Data Analysis and Visualisation in Python: Instructor Notes

Challenge solutions

Install the required workshop packages

Please use the instructions in the Setup document to perform installs. If you encounter setup issues, please file an issue with the tags ‘High-priority’.

Checking installations.

In the _include/scripts directory, you will find a script called check_env.py This checks the functionality of the Anaconda install.

By default, Data Carpentry does not have people pull the whole repository with all the scripts and addenda. Therefore, you, as the instructor, get to decide how you’d like to provide this script to learners, if at all.
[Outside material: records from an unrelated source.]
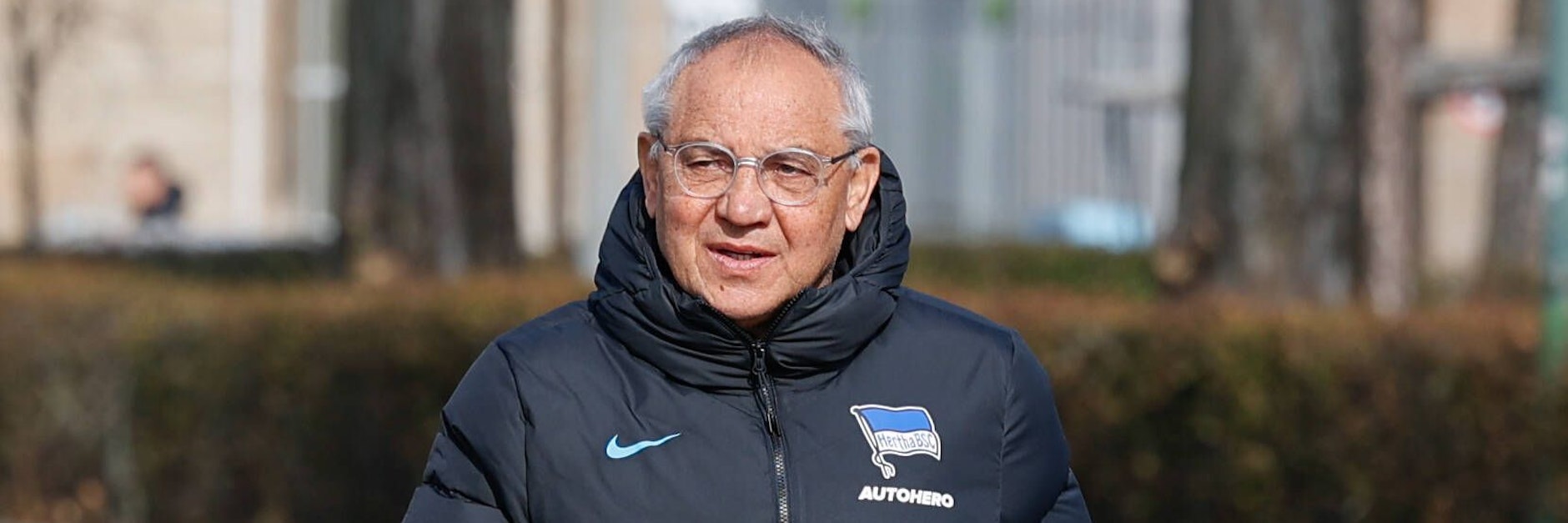 Chefcoach Felix Magath in der Hertha-Trainingsjacke. Vor einer Woche hatte er noch ein gemütliches Leben mit seiner Familie in München.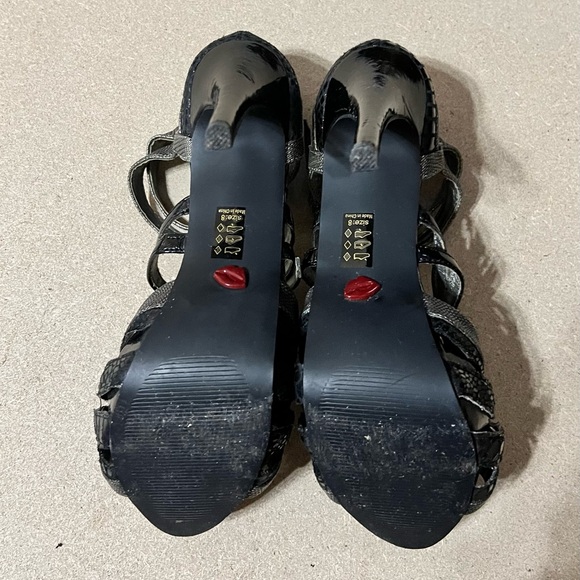 Promise Shoes Women’s Platform Heels. Black and Pewter Snakeskin design. - Picture 9 of 10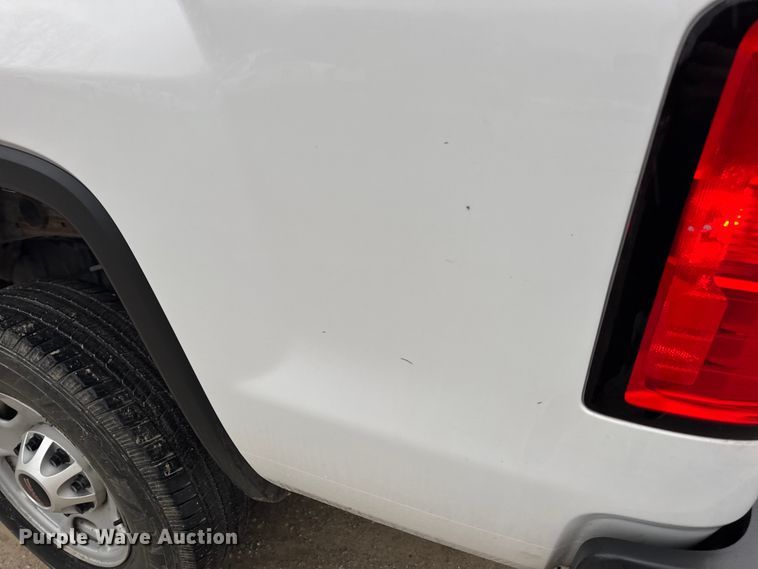 image for item EN0848 2018 GMC Sierra 2500HD pickup truck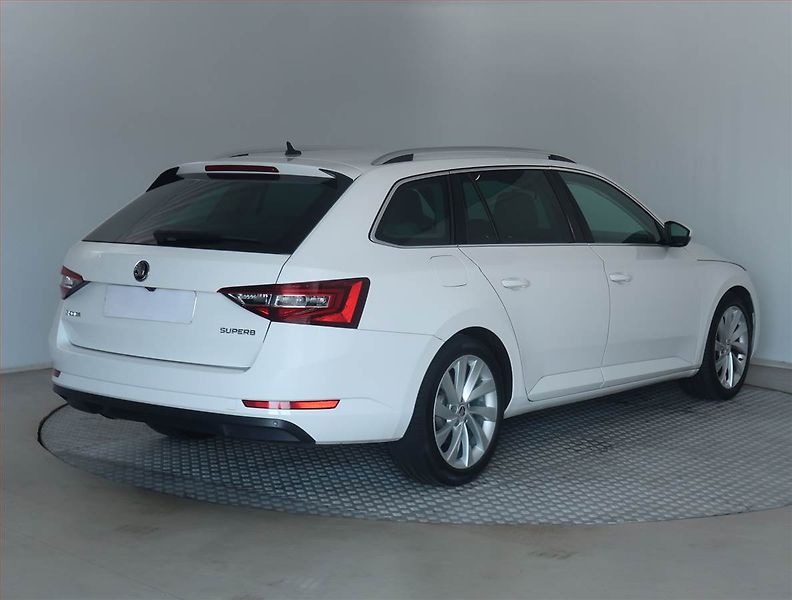 Škoda Superb (2017) Style 2.0 TDI, Kůže, Navi - fotka 5 z 17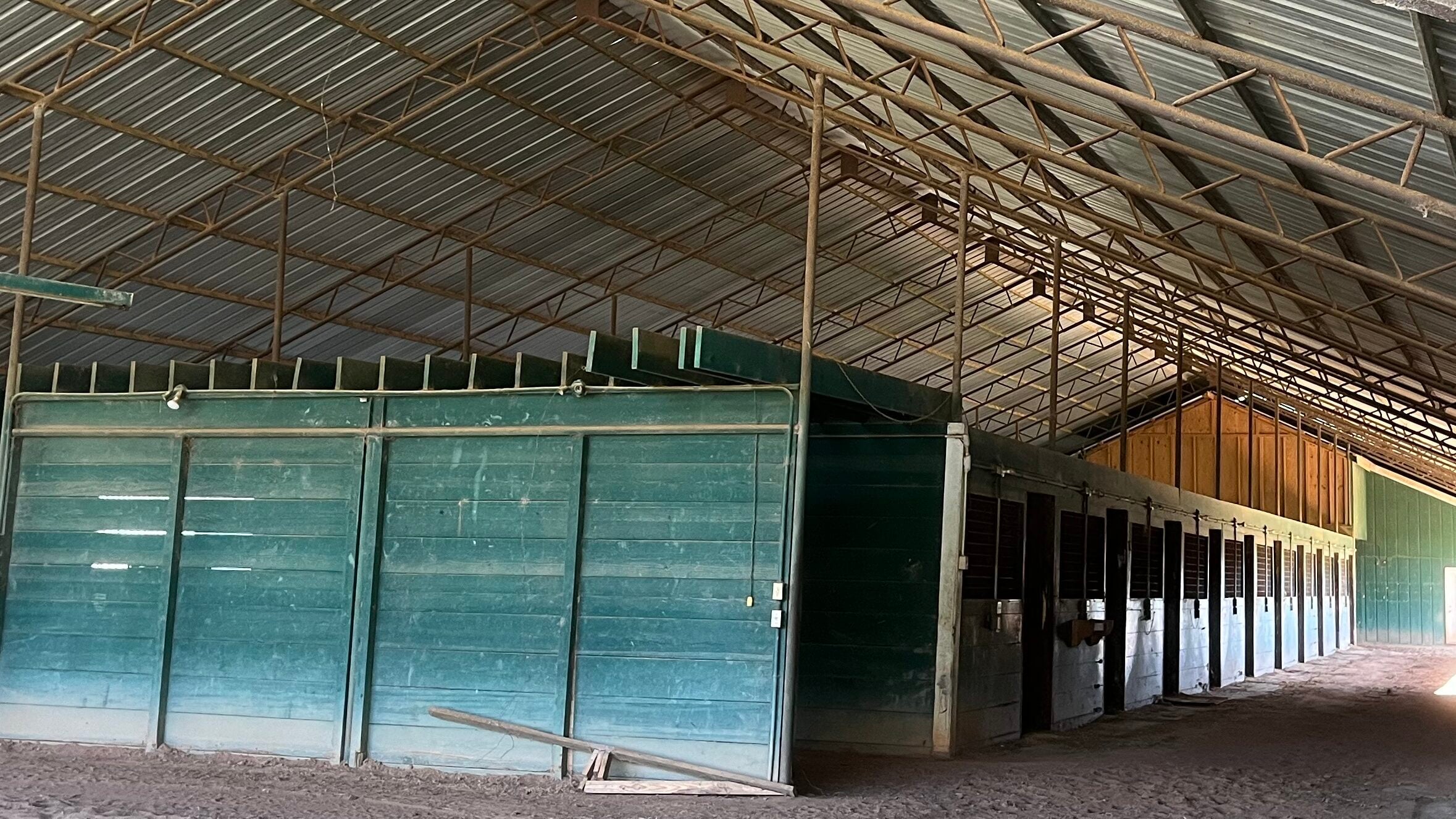 Horse racing barn with high roof to provide optimal ventilation.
To use this, students can navigate into _includes/scripts terminal, and execute the following:

python check_env.py

If learners receive an AssertionError, it will inform you how to help them correct this installation. Otherwise, it will tell you that the system is good to go and ready for Data Carpentry!

01-short-introduction-to-Python

Tuples Challenges

Dictionaries Challenges

Make sure it is also clear that access to ‘the value that corresponds to the key 2’ is actually just about the key name. Add for example rev[10] = "ten" to clarify it is not about the position.

rev
{1: 'one', 2: 'two', 3: 'three'}
rev[2] = "apple-sauce"
{1: 'one', 2: 'apple-sauce', 3: 'three'}

02-starting-with-data

Important Bug Note

In Pandas prior to 0.18.1 there is a bug causing surveys_df['weight'].describe() to return a runtime error.

Dataframe Challenges

Calculating Statistics Challenges

Grouping Challenges

surveys_df.groupby(['plot_id', 'sex']).agg({"year": 'min',
                                           "hindfoot_length": 'median',
                                           "weight": 'mean'})
surveys_df.groupby(['plot_id'])['weight'].describe()

Plotting Challenges

surveys_df.groupby('plot_id').mean()["weight"].plot(kind='bar')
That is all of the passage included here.